Nel 2002 la Corte d'Assise di Caltanissetta apre un nuovo procedimento penale sulla strage di Pizzolungo, a seguito delle dichiarazioni dei collaboratori di giustizia. Margherita decide di costituirsi parte civile. Il 22 novembre 2002 vennero condannati come mandanti Toto Riina e Vincenzo Virga, che chiesero il rito abbreviato. Il 29 maggio 2004, in primo grado Baldassarre Di Maggio è stato condannato all’ergastolo, Antonino Madonia è stato assolto. In appello il 03 febbraio del 2006, Antonio Madonia è stato condannato e la Cassazione confermerà la sentenza di condanna. A febbraio 2019 la Procura di Caltanissetta ha aperto un nuovo procedimento penale per la Strage di Pizzolungo. Il processo si è concluso a novembre del 2020 e il boss Vincenzo Galatolo è stato condannato a 30 anni per essere stato il mandante della Strage, accusato anche dalla figlia, Giovanna Galatolo, collaboratrice di giustizia.
Ci sono ancora indagini da fare e che faremo e questa sentenza è da pungolo perché é tra le stragi quella che ancora oggi mantiene un alone di mistero che dopo anni non siamo riusciti a svelare. Questa è una strage che all'interno stesso di Cosa Nostra è rimasta misteriosa perché gli stessi collaboratori di giustizia escussi a suo tempo non hanno mai fornito una chiave di lettura chiara. Questa bomba esplose ad appena una settimana dall'arrivo del dottore Carlo Palermo a Trapani quindi è una strage che si connette ad altri misteri trapanesi che in questi anni abbiamo cercato di verificare, e che si connette a una presenza non solo mafiosa nel territorio di Trapani. Dobbiamo fare molta strada per capire cosa è successo perché la semplice definizione della responsabilità di mafiosi non è sufficiente, sicuramente c'è qualcosa di più specifico e profondo.
Memoria viva
Margherita ha smesso a un certo punto di considerarsi vittima, quando ha deciso di essere una testimone contro la mafia. Il suo impegno non si arresta. Nel 2015 la Fandango ha pubblicato il libro "Sola con te in un futuro aprile", scritto da Margherita assieme alla giornalista Michela Gargiulo.
Il presidio di Libera di Milano Sud Est è dedicato a Barbara, così come quello di Cadore, quello di Centopievese e di Fermo. Il Consorzio Libera Terra Mediterraneo Cooperativa Sociale Onlus ha dedicato a Barbara l'olio Extravergine Biologico Valle del Belice DOP.
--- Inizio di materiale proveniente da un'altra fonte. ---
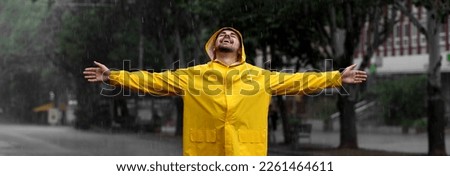 Autumn season. Happy young man in bright coat outdoors on rainy day. Banner design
Nel 2019 in occasione del 54° Congresso Nazionale del Notariato è stato presentato il cortometraggio “Piccole cose di valore non quantificabile”, di Paolo Genovese e Luca Miniero.
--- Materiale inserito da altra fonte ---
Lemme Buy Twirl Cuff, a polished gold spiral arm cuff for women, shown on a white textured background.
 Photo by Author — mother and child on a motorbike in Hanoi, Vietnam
Siamo passati dal luogo in cui mi avevano detto che c'era stato un incidente, però mi sono resa conto che guardando che non c'era stato un semplice incidente. E allora dall'interno dell'auto, guardavo a destra e a sinistra per comprendere sempre di più quello che era accaduto alla mamma e ai miei fratelli. E ho visto un luogo quasi spettrale: dove c'era stata una guerra e poi tutto era stato abbandonato. E c'era una grande buca, provocata dall'autobopmba. C'erano i calcinacci e gli inotnaci delle case rovinati, le inferriate divelte, i vetri rotti, anche quelli dei lampioni. Era un luogo di devastazione. E io la sentivo dentro di me, non riuscivo a capire e collegare cosa realmente era accaduto. E chiesi, a mio padre soprattutto, rispetto a una macchia rossa sul prospetto di una casa e circa duecento metri dove c'era la buca. Mio padre non aveva la forza di rispondermi. Scoprì dopo che era il sangue di uno dei miei fratelli.